Estamos tão preocupados com o futuro que deixamos o agora de lado. Resolver as questões do presente sem qualidade atencional e emocional traz retrabalho, culpa e estresse. Uma das formas que hoje , a ciência que estuda o comportamento humano , vem nos mostrando, é que podemos treinar nossa atenção e trazer o presente para ser resolvido no consciente, com qualidade e foco.
Pequenas atitudes e escolhas vão trilhando nossa jornada e vão dando tom da nossa marca no mundo. Suportar e sustentar, a nós mesmos, pode tornar-se , não mais um dever, mas sim, um prazer. Suportar no sentido de dar suporte, sustentar no sentido de validade emocionalmente às nossas atividades. E aí podemos, quem sabe, tratar o propósito como a possibilidade de prazer, enquanto nosso trabalho acontece.
Quem sabe até direcionar um olhar positivo para as nossas atividades diárias. Um pequeno movimento, mas que aos poucos vai se transformando em um hábito e suavizando nossa relação conosco.
E aí, a cada passo dado, começamos a nos dar conta de que a nossa felicidade vem da conexão e do encontro conosco, com os outros e com o mundo. Passamos não mais a buscar, passamos a sentir, a desfrutar e a saborear, nos dando conta de que a felicidade pode ser algo sustentável.
“A disciplina organiza a liberdade” frase citada, recentemente, por Mario Sergio Cortella, que nos dá permissão para nos colocarmos na nossa própria agenda. Talvez um momento que permita-nos sentirmos à vontade conosco e só assim , iremos estar à vontade com o outro. Mudar nossas conversas internas pode melhorar muito nossa relação conosco. As cordas vocais ativam a parte ventral do nervo vago. Dependendo do tom de voz utilizado, o corpo libera substâncias (hormônios e neurotransmissores) que irão determinar os pensamentos e as ações. Primeiro é para dentro e depois é para o todo.
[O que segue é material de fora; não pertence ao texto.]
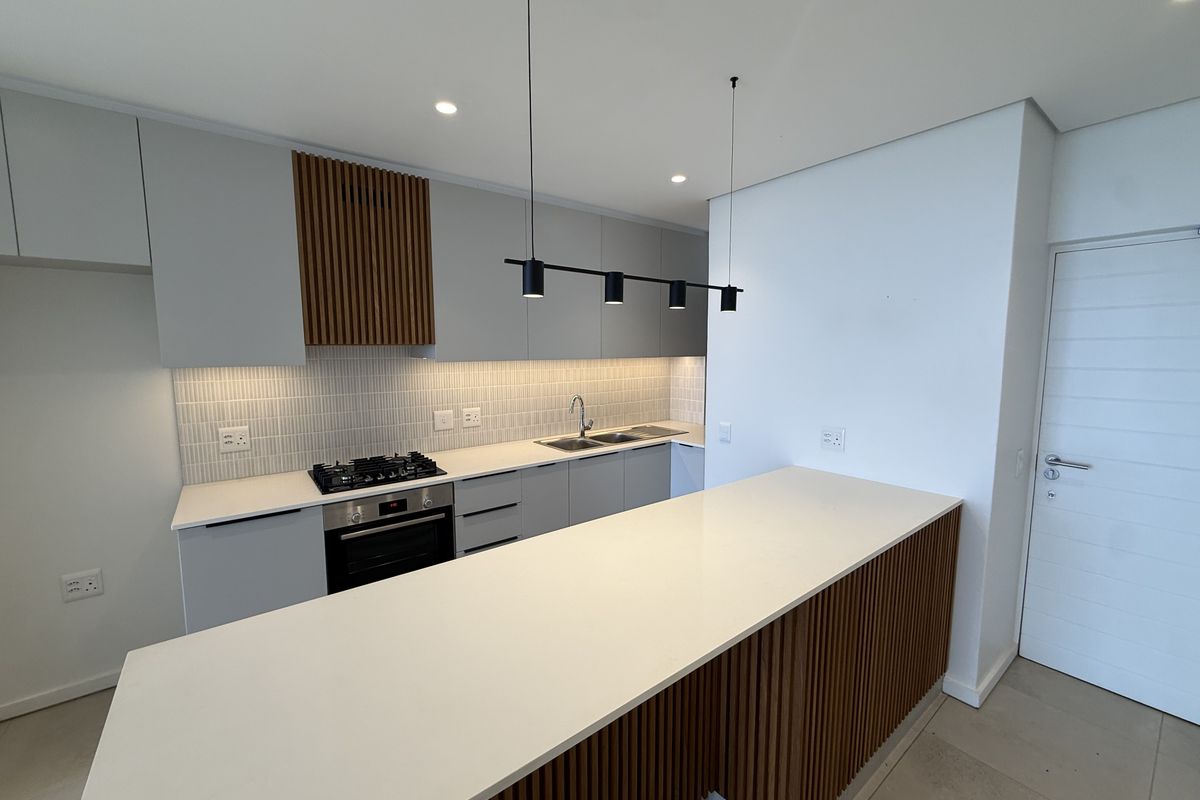 Modern kitchen featuring sleek cabinetry, stone countertops, a gas hob, built-in oven, and stylish slatted timber accents on the island and extractor housing.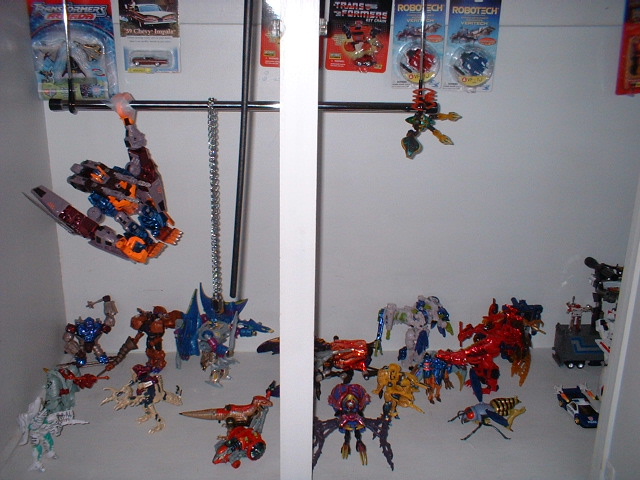 Collection of Transformers toys displayed on shelves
Isso envolve autoconfiança. Autoconfiança envolve acreditar, aprender que coragem não é ausência de medo, coragem é fazer com o coração. Nunca é cedo demais e nunca é tarde demais. Podemos começar sempre onde estamos e com aquilo que temos, descobrindo ferramentas melhores durante a jornada. Podemos estar preparados e nos preparando todos os dias, uma habilidade considerada fundamental neste momento que estamos vivendo: learnability. Vamos dar o passo, e o universo coloca o chão.
Podemos existir dentro de nós. Podemos respeitar quem somos e as nossas necessidades. Podemos explorar nossa própria natureza e estar, de fato, em contato conosco, sentindo conforto e segurança ao habitar o nosso corpo, estando inteiros a cada ação. Em um de seus livros, Jon Kabat-Zinn nos traz logo na capa este alerta: “Onde quer que você vá, é você que está lá”.
Sugiro, enfim, uma reflexão final: as feridas da pandemia ainda não cicatrizaram, mas agora, cabe a cada um de nós, o cuidado de aprendermos a ser melhores conosco, com os outros e com as mudanças que o mundo nos apresenta por meio de escolhas conscientes, buscando a alta performance em nós e para nós. Um estilo de vida mais leve, decisões mais assertivas, escolhas mais conscientes e, talvez, até uma existência mais tranquila e prazerosa.
Caso contrário, vamos chegar lá no futuro e nos perguntar: Eu desperdicei o meu presente para conquistar o quê mesmo?